Aktuelle Projekte im Überblick
Entsprechend des breiten Forschungsverständnisses im Fachbereich Sozial- und Kulturwissenschaften trifft man auf eine große Bandbreite an Forschungsprojekten. Klassische Drittmittelprojekte, die über mehrere Jahre laufen, werden hier ebenso durchgeführt wie Forschungsinitiativen mit Studierenden, die semesterweise an die Lehre gekoppelt werden. Der Praxis- und Anwendungsbezug nimmt bei allen Forschungsunternehmungen einen hohen Stellenwert ein.

PeKi_digital – Perspektiven von Kindern auf digitale Medien - Postdigitale Bildungsräume in Kindertageseinrichtungen mit Kindern gestalten und evaluieren
Der Verbund aus HSD, FHP und fjmk fokussiert die Perspektiven von drei- bis sechsjährigen Kindern in Kindertagesstätten auf digital-mediale Technologien im Zusammenhang mit ihren Bildungsprozessen.
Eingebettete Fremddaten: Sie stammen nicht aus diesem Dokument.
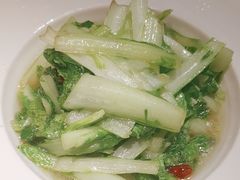 -纳鲁孜·新疆特色餐厅(上海悦荟广场店)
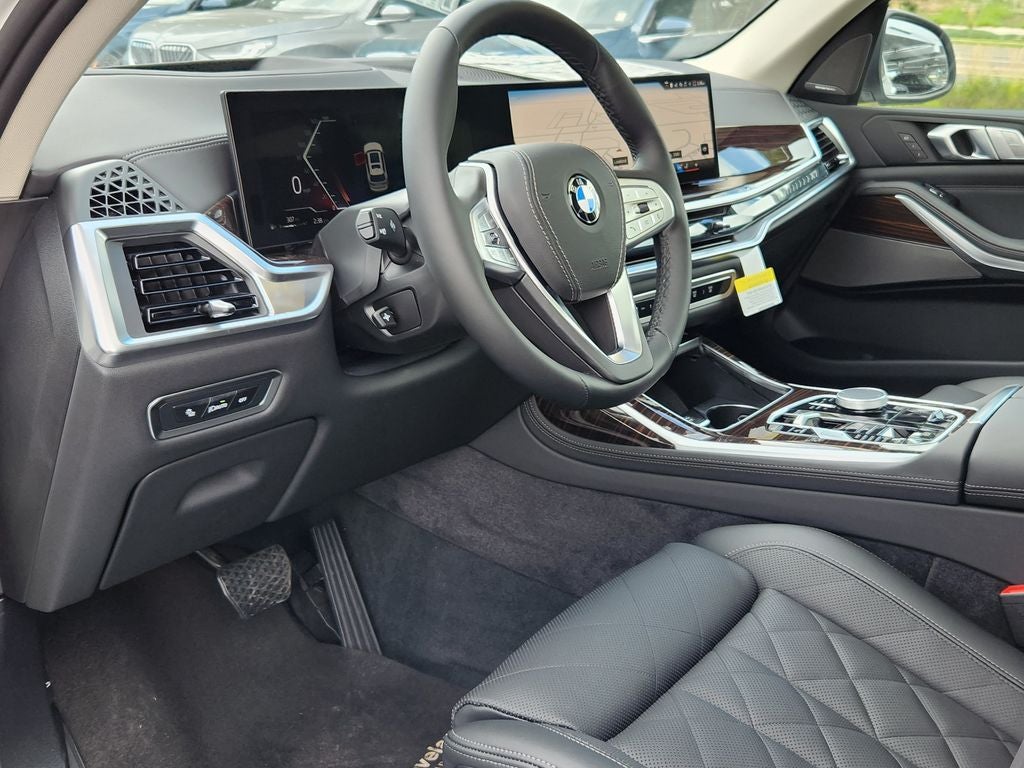 2027 BMW X7 xDrive40i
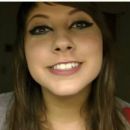 Catherine Wayne – Social media - 454 x 256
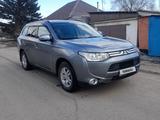 Mitsubishi Outlander 2013 года за 8 500 000 тг. в Усть-Каменогорск – фото 2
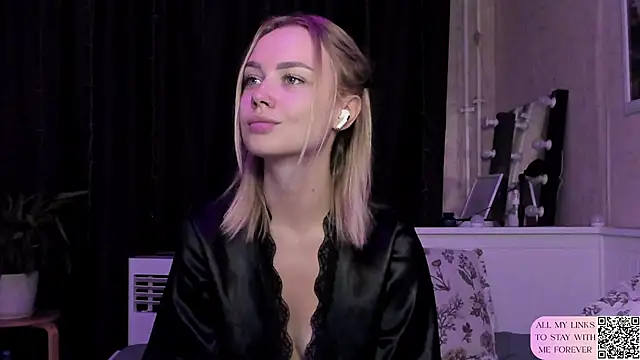 Snapshot of MaryDreaminess chatting on 07-31-26, 07:13 MaryDreaminess online show from 07-31-26, 07:13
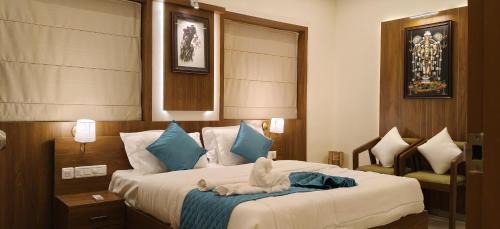 Guruvayur Hotel | Radha Madhavam Apartment's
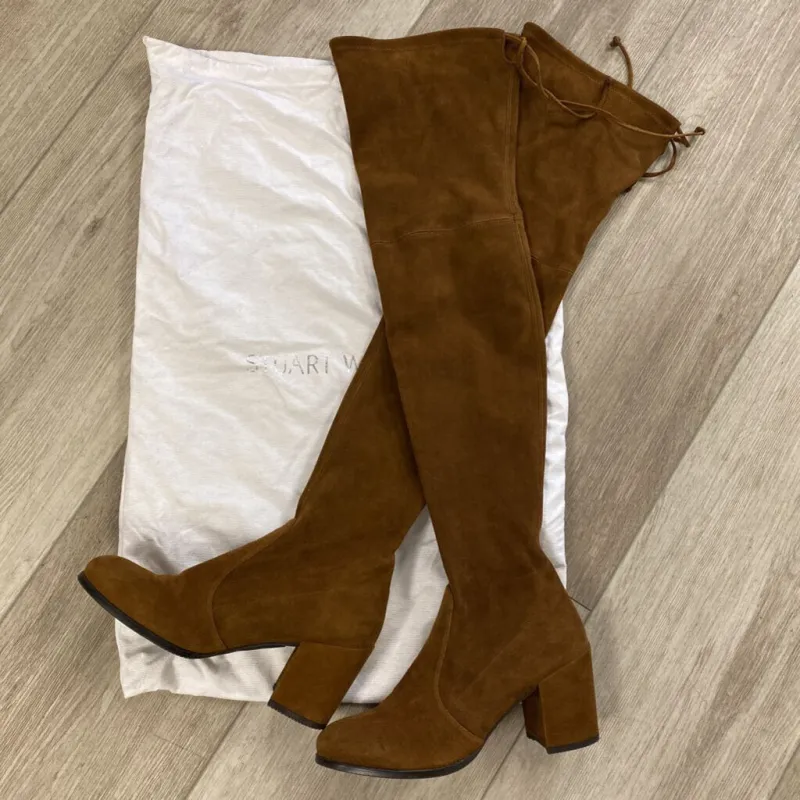 STUART WEITZMAN WOMEN'S FOOTWEAR camel 8 made by Stuart Weitzman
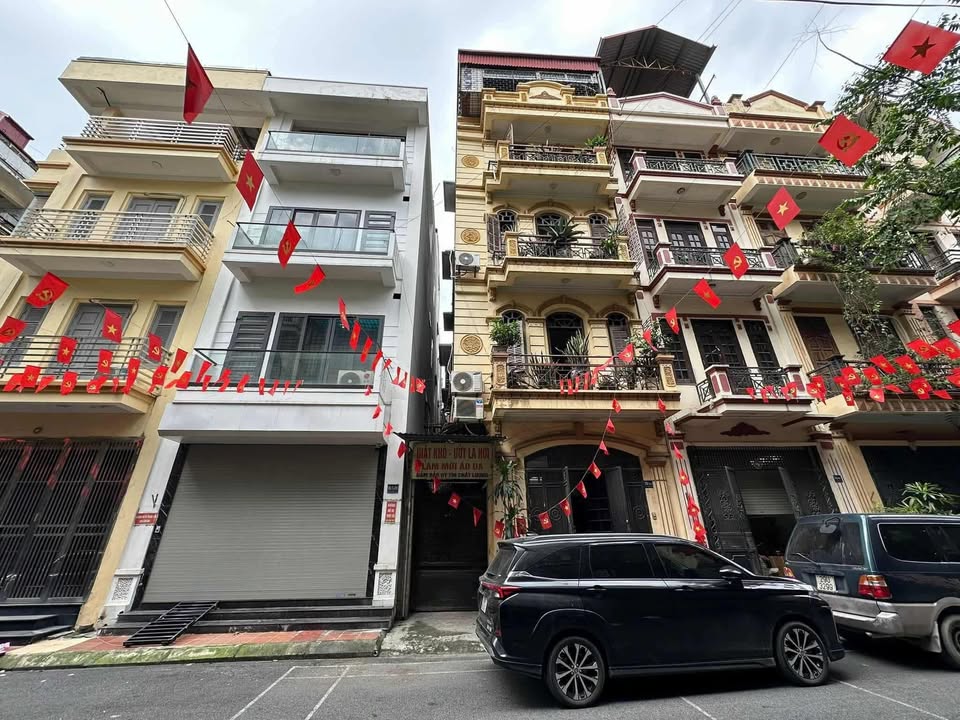 Nhà phố 5 tầng Thượng Đình, Thanh Xuân 40m² giá 8 tỷ - Ô tô đỗ sát nhà!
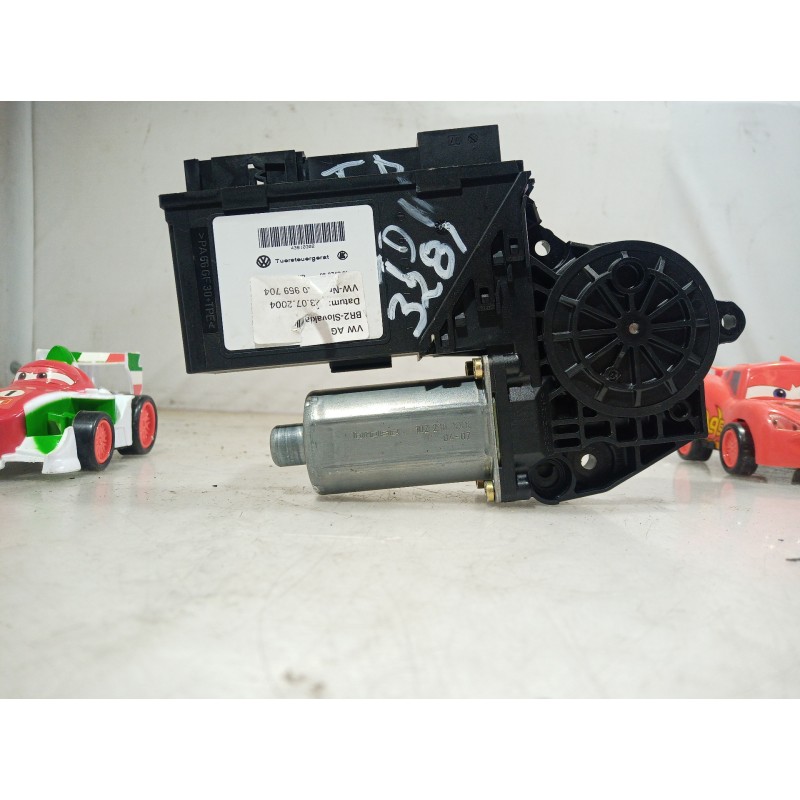 Recambio de motor elevalunas trasero derecho para volkswagen touareg (7la) tdi r5 referencia OEM IAM 7L0959704 7L0959704 7L09597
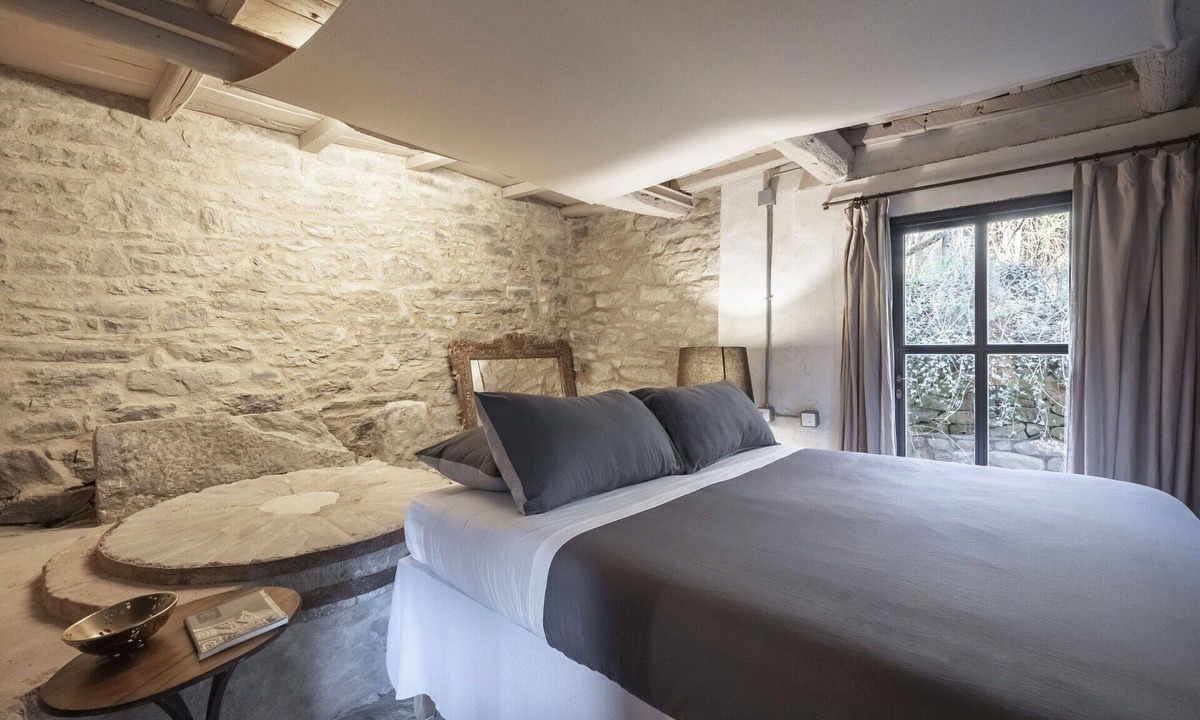 Loro Ciuffenna Villa | Stunning private villa for 12 people with WIFI, A/C, private pool, TV and patio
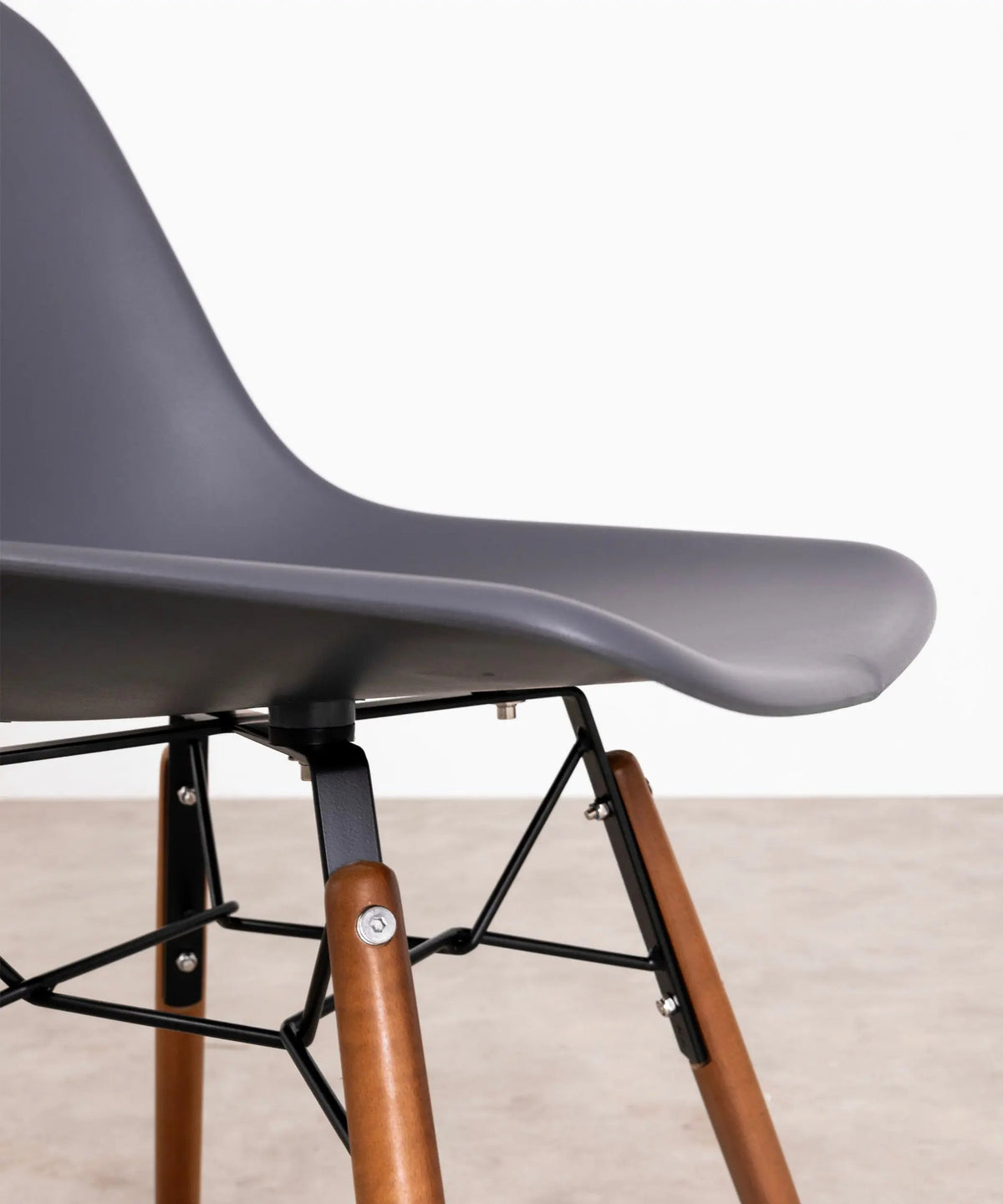 Chaise de salle à manger en polypropylène et bois Elon - Special Edition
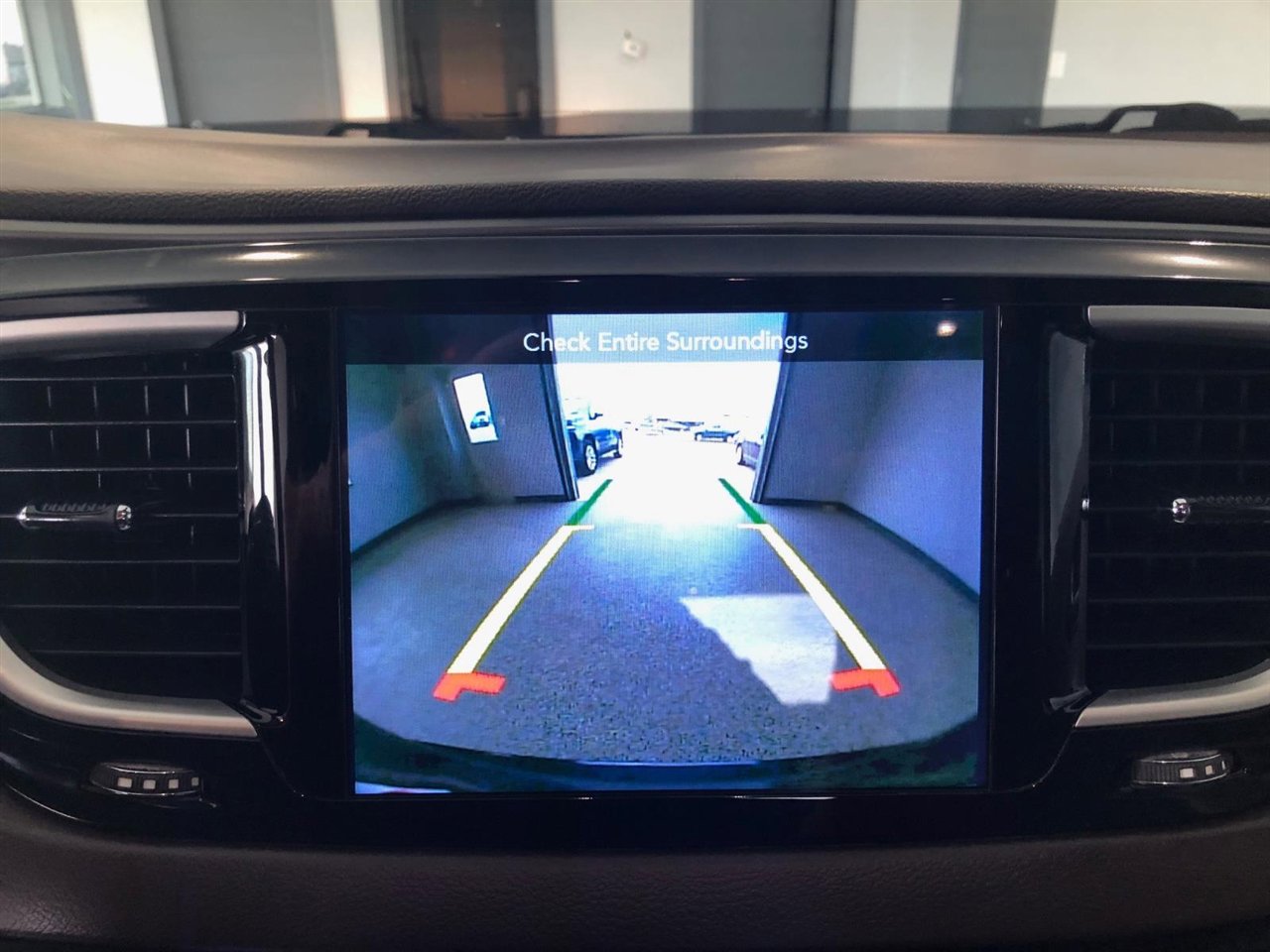 Used 2017 Chrysler Pacifica Touring w/ Tire & Wheel Group image 18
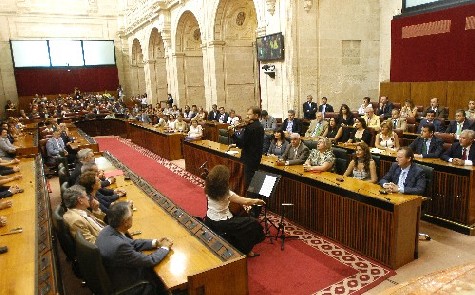 Un dueto de cuerda interpret 'Verde, blanca y verde', de Carlos Cano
Die Kinder werden dabei als gleichberechtigte Akteur*innen und Mitgestaltende von Bildungsräumen involviert.
In einem partizipativ gestalteten, explorativen Forschungsdesign nehmen wir in den Blick, wie Kinder sich in einer postdigitalen Welt, in der digitale Artefakte und Phänomene unmittelbare Elemente des (Er)Lebens sind, als zur Teilhabe berechtigte Mediennutzende mit eigenen Sinnzuschreibungen wie Relevanzsetzungen wahrnehmen. Im Teilprojekt der HSD interessiert uns aus kindheitspädagogischer Sicht dabei besonders, welche Bildungsräume durch und mit digitalen Medien erzeugt werden können und wie dadurch Kommunikation und Interaktion zwischen Peers initiiert werden kann.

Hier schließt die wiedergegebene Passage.